• WHAT YOU NEED TO DO: For the entries that follow, retype exactly the lines from the one containing "Short Sleeve Shirt" to the one containing "bottle of 100 gm Churna", inclusive, and only those. Images stay out of the copy.

• DATA TO PROCESS:
______
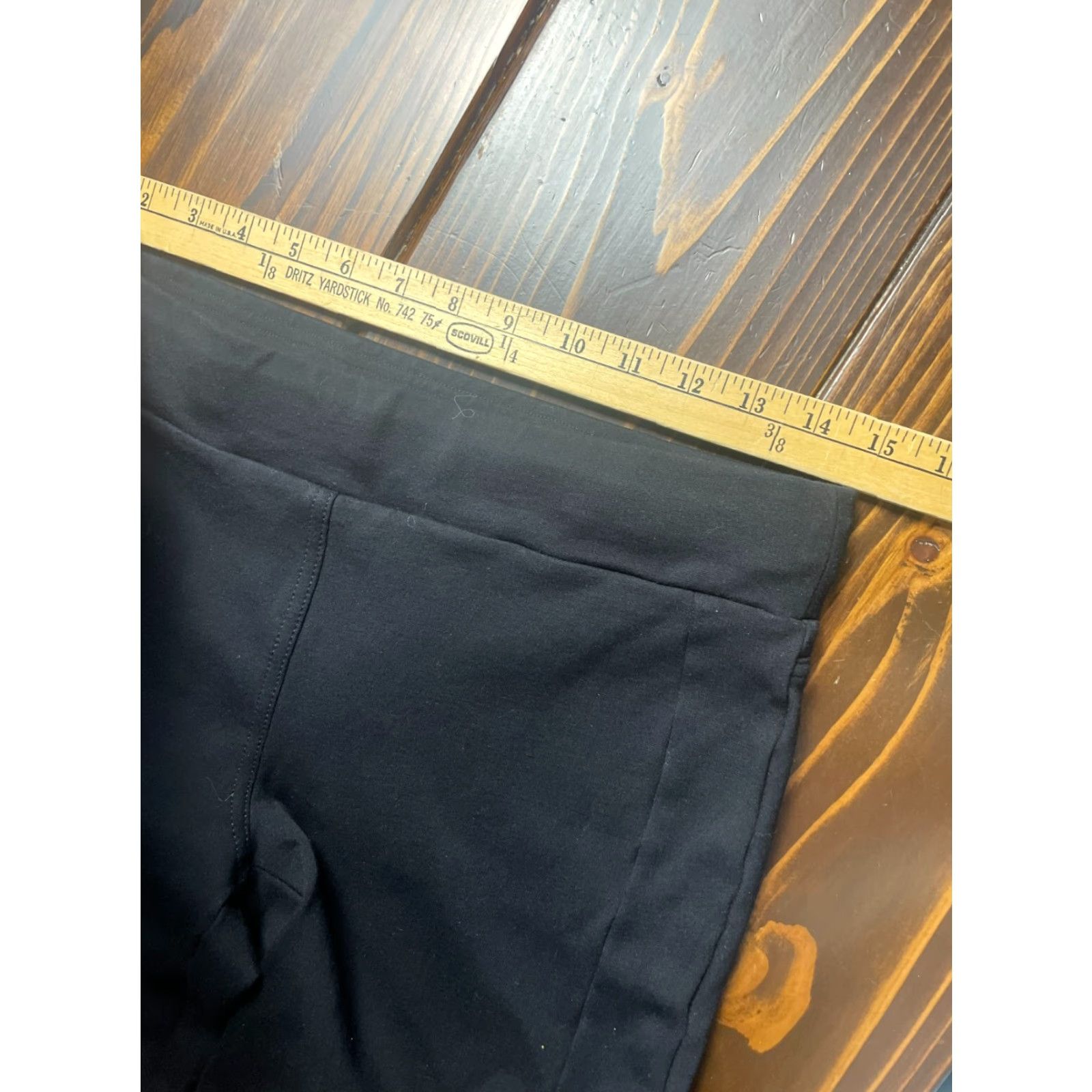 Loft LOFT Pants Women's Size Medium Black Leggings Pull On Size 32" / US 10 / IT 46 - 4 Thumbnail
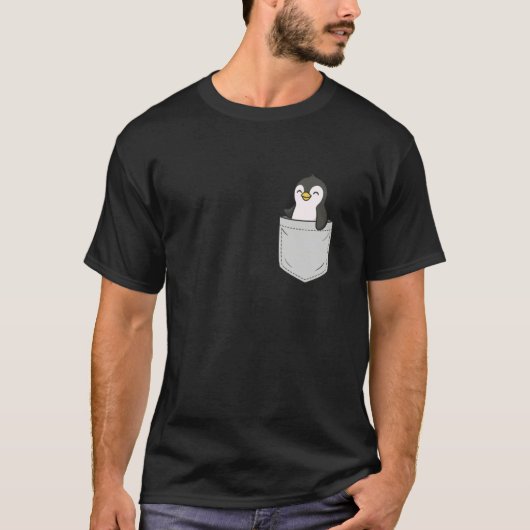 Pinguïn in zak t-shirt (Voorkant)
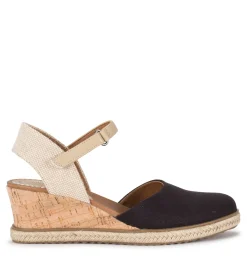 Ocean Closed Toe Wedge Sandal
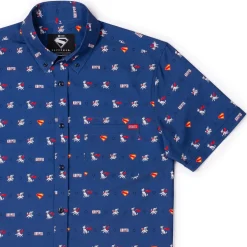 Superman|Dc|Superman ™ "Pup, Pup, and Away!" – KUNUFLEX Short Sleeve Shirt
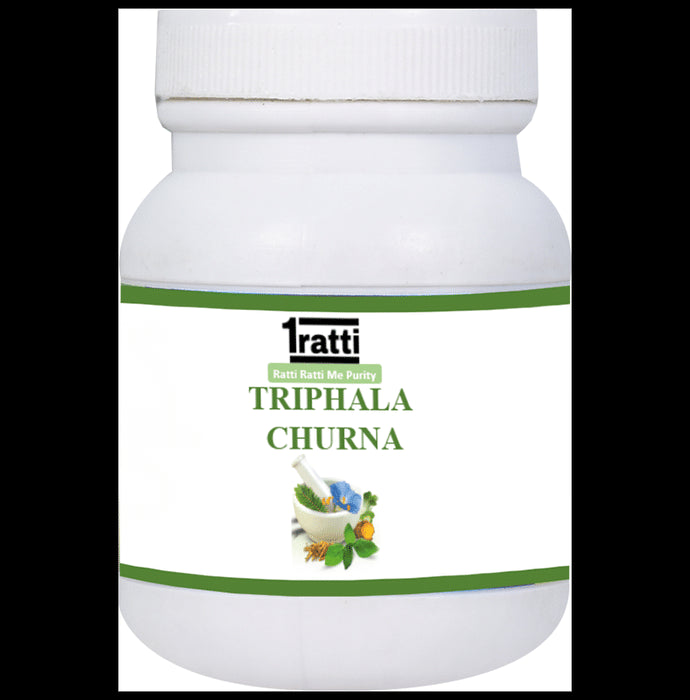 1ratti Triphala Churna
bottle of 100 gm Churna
______
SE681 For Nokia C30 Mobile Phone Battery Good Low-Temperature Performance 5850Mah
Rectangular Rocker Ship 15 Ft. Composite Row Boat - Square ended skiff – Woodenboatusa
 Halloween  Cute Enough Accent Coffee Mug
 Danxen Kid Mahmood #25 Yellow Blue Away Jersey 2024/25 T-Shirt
______
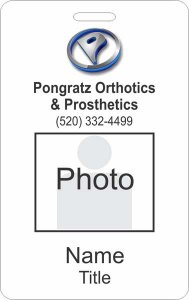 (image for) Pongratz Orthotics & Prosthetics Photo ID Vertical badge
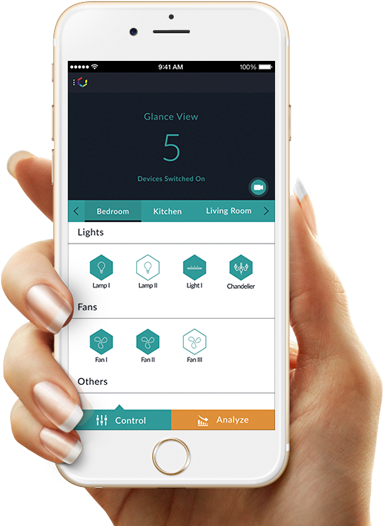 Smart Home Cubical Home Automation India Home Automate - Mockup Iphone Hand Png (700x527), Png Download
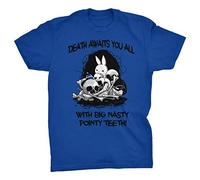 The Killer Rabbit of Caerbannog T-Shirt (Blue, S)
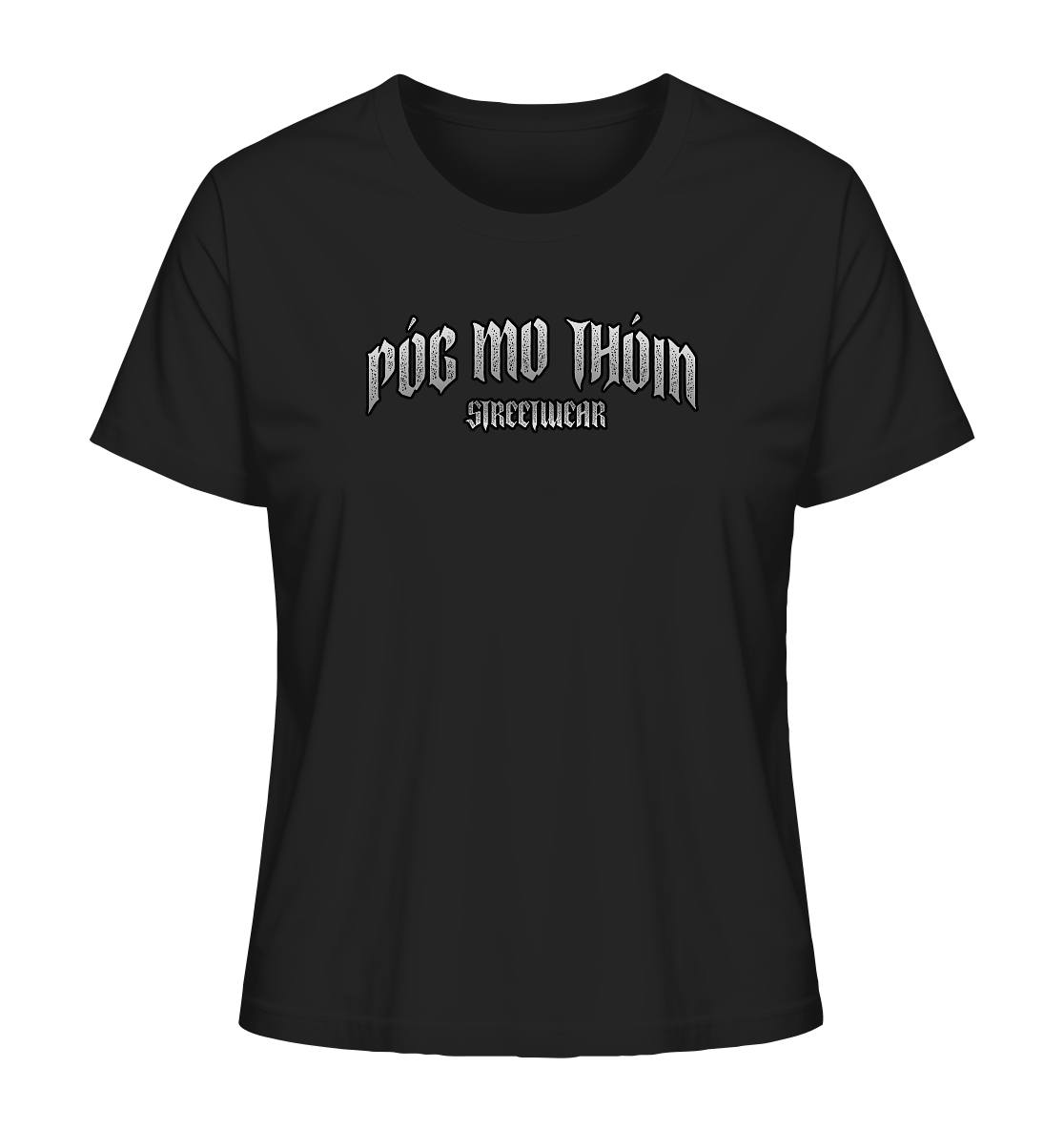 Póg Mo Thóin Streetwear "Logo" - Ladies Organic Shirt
______
• SOLUTION TO THIS EXERCISE:
 Superman|Dc|Superman ™ "Pup, Pup, and Away!" – KUNUFLEX Short Sleeve Shirt
 1ratti Triphala Churna
bottle of 100 gm Churna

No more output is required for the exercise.